## [The problem]
Beginning with the line that holds "Adobe xd 的图标" in the data below, give again every line through the one that holds "A&H Materials - Print Invitation", exactly as written.

## [Recorded data]
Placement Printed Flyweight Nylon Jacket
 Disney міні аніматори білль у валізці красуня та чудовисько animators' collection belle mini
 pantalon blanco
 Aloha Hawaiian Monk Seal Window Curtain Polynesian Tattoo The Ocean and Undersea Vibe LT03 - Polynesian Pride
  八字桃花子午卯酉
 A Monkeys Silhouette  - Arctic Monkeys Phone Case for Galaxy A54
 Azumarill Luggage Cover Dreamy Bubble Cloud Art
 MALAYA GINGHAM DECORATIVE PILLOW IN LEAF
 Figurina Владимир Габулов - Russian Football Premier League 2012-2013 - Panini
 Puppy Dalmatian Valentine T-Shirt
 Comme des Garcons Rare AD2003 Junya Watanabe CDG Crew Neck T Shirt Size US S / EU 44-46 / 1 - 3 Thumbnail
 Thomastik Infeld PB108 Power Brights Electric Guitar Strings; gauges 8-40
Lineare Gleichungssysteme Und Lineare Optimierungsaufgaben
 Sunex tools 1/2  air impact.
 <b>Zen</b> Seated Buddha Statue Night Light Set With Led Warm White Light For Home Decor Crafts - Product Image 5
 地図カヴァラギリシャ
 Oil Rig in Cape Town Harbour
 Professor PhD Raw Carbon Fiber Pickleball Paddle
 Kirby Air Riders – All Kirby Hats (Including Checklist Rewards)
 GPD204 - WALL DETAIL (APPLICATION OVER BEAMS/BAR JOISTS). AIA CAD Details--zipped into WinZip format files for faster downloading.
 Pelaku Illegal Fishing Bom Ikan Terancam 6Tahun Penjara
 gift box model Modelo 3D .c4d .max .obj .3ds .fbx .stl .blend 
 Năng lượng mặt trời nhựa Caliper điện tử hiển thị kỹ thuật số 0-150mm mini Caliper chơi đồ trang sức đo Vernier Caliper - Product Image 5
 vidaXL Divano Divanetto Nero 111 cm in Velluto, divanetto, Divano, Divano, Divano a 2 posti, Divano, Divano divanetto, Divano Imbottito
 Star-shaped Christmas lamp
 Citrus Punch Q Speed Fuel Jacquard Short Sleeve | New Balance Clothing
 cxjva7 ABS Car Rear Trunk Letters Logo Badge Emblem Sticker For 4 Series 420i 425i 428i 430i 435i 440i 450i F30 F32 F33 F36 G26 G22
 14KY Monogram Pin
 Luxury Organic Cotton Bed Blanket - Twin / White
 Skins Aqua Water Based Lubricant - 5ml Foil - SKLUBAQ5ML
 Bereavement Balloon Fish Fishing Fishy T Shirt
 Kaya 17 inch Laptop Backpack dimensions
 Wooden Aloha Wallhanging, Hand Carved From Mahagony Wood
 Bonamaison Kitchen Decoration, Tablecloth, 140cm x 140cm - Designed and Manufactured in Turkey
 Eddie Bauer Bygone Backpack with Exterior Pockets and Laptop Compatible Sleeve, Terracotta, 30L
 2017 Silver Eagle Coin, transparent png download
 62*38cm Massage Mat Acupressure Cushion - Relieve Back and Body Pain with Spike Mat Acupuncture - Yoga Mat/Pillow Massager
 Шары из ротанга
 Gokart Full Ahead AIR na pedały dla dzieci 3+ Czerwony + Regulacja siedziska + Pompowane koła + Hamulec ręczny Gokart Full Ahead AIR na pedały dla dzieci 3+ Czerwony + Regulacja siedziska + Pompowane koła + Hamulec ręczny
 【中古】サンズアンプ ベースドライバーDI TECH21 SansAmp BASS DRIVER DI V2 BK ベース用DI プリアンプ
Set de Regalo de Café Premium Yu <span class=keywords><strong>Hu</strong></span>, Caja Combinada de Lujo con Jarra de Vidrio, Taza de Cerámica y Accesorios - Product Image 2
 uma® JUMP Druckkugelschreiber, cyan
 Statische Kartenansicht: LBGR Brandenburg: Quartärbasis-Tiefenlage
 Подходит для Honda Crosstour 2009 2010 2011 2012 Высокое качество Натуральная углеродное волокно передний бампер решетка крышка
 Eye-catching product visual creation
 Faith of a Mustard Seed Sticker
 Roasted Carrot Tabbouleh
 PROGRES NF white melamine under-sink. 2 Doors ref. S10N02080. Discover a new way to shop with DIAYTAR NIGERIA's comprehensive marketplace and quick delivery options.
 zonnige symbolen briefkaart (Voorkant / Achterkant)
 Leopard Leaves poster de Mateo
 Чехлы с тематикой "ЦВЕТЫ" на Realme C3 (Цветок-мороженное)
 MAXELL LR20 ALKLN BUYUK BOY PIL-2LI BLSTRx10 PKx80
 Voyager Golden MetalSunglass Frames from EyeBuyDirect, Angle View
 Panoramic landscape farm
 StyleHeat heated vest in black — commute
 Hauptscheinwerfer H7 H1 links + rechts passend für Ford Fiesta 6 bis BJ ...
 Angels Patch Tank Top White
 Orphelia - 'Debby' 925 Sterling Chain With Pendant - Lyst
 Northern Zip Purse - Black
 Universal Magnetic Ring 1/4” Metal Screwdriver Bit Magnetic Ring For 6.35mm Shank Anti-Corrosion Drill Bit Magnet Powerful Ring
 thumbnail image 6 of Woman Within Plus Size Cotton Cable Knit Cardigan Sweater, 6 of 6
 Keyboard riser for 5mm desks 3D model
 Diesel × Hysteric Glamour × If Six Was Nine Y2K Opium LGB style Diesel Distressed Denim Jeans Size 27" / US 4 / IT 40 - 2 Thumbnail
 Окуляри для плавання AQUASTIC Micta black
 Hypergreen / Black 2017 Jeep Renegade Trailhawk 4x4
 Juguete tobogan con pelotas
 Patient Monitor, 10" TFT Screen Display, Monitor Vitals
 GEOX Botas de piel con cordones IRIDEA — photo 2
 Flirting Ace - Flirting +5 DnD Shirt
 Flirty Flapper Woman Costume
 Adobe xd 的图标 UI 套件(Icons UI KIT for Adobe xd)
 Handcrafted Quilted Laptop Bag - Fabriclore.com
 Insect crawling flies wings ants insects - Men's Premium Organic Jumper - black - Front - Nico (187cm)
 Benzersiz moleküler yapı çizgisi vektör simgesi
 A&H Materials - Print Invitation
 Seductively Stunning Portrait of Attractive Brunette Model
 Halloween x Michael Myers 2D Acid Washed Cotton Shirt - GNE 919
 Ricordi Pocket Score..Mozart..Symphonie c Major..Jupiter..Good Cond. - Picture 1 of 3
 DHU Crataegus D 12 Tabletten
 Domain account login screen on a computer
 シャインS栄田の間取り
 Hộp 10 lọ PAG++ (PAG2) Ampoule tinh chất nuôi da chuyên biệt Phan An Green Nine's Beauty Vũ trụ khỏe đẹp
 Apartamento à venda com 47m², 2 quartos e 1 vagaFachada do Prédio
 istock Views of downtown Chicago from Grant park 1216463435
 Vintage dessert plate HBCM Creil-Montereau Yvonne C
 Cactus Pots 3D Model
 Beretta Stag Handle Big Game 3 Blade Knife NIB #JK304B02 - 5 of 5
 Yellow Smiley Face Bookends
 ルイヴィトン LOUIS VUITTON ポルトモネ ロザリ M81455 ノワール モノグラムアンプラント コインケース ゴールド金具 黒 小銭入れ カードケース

## [Response area]
 Adobe xd 的图标 UI 套件(Icons UI KIT for Adobe xd)
 Handcrafted Quilted Laptop Bag - Fabriclore.com
 Insect crawling flies wings ants insects - Men's Premium Organic Jumper - black - Front - Nico (187cm)
 Benzersiz moleküler yapı çizgisi vektör simgesi
 A&H Materials - Print Invitation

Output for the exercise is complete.